Shares of AstroNova Inc (NASDAQ:ALOT) jumped sharply on Wednesday after the company disclosed a definitive agreement under which Arcline Investment Management will acquire AstroNova for $29.00 in cash per share.

The all-cash offer places the aerospace and defense and labeling and packaging solutions provider at an enterprise value of approximately $272 million. If finalized, the transaction will convert AstroNova into a privately held company.

Board approval and strategic review

The deal received unanimous approval from AstroNova’s Board of Directors. The transaction follows a previously announced review of strategic alternatives, and the board concluded that the proposed sale to Arcline is in the best interests of the company and its shareholders.

Considerable premiums to recent trading levels

The $29.00 per share purchase price represents a substantial premium to recent market prices.
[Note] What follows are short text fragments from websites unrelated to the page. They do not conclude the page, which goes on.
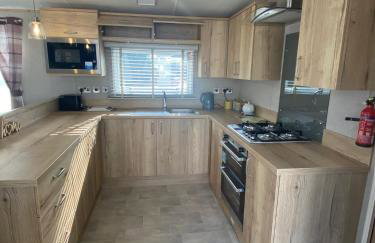 Coghurst Hall Holiday Home Sleeps 6, 2 bedrooms - Foto 10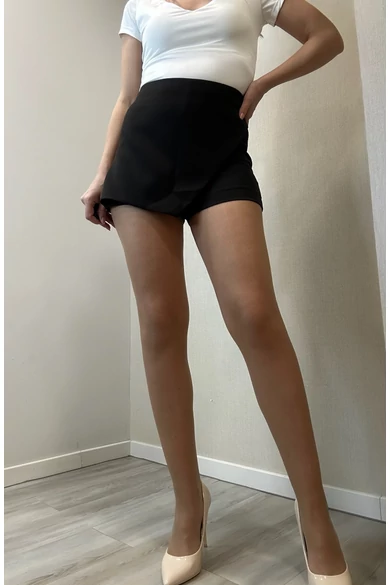 La Pierre - Olaf Fekete Short
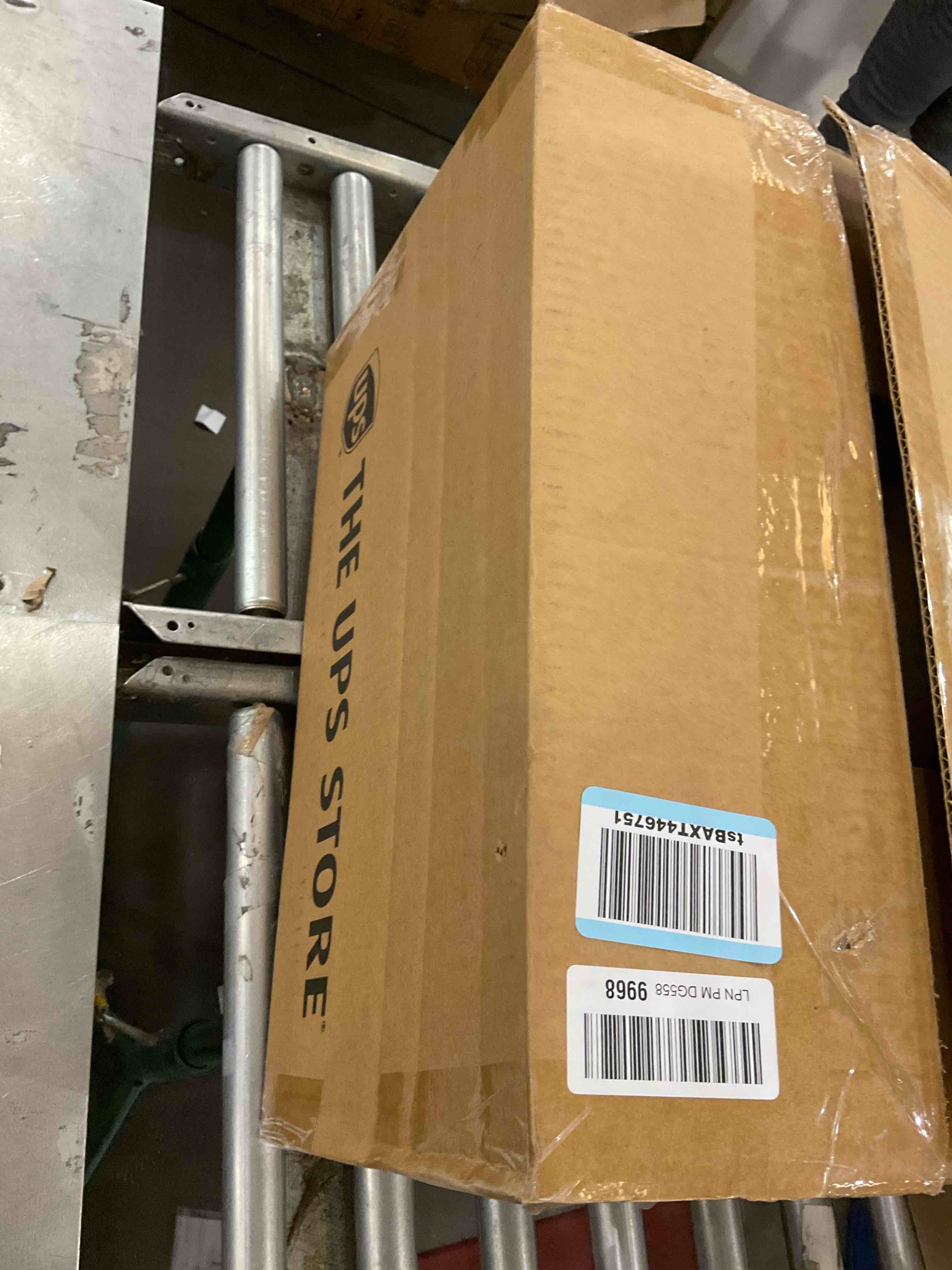 https://s3.amazonaws.com/lotting-images-prod/bidfta/PPE2582986_1745853896149.jpeg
It is about 209% higher than AstroNova’s closing share price on April 6, 2026 - the last full trading day before the company initiated its strategic alternatives review. The offer also translates to an approximate 120% premium relative to the 90-day volume-weighted average price ending June 16, 2026.

"Following a comprehensive review of strategic alternatives, the Board of Directors determined that this transaction is in the best interests of AstroNova and its stockholders," said Darius G. Nevin, Executive Chairman of AstroNova.

Approvals, timing and conditions

The agreement remains subject to customary closing conditions. AstroNova stockholder approval is required, and the parties must obtain applicable regulatory approvals before the deal can close. Management expects the transaction to be completed in the third quarter of 2026, assuming those conditions are satisfied.

Advisors and legal counsel

Rockefeller Capital Management is serving as exclusive financial advisor to AstroNova, with Foley Hoag LLP acting as legal counsel. Arcline’s exclusive financial advisor is Mesirow, and Bass, Berry & Sims PLC is serving as Arcline’s legal counsel.


The transaction announcement triggered a steep rise in AstroNova shares, reflecting investor reaction to the cash offer and the premiums embedded in the purchase price. The company’s transition from public to private ownership will be completed only after the required shareholder and regulatory approvals and satisfaction of customary closing conditions.

Risks

  • The transaction is contingent on approval by AstroNova stockholders - if shareholders do not approve, the deal may not close.
  • Regulatory approvals are required; failure to obtain necessary clearances could prevent or delay completion.
  • The closing timeline is subject to customary conditions and could be delayed beyond the targeted third quarter of 2026 if those conditions are not met.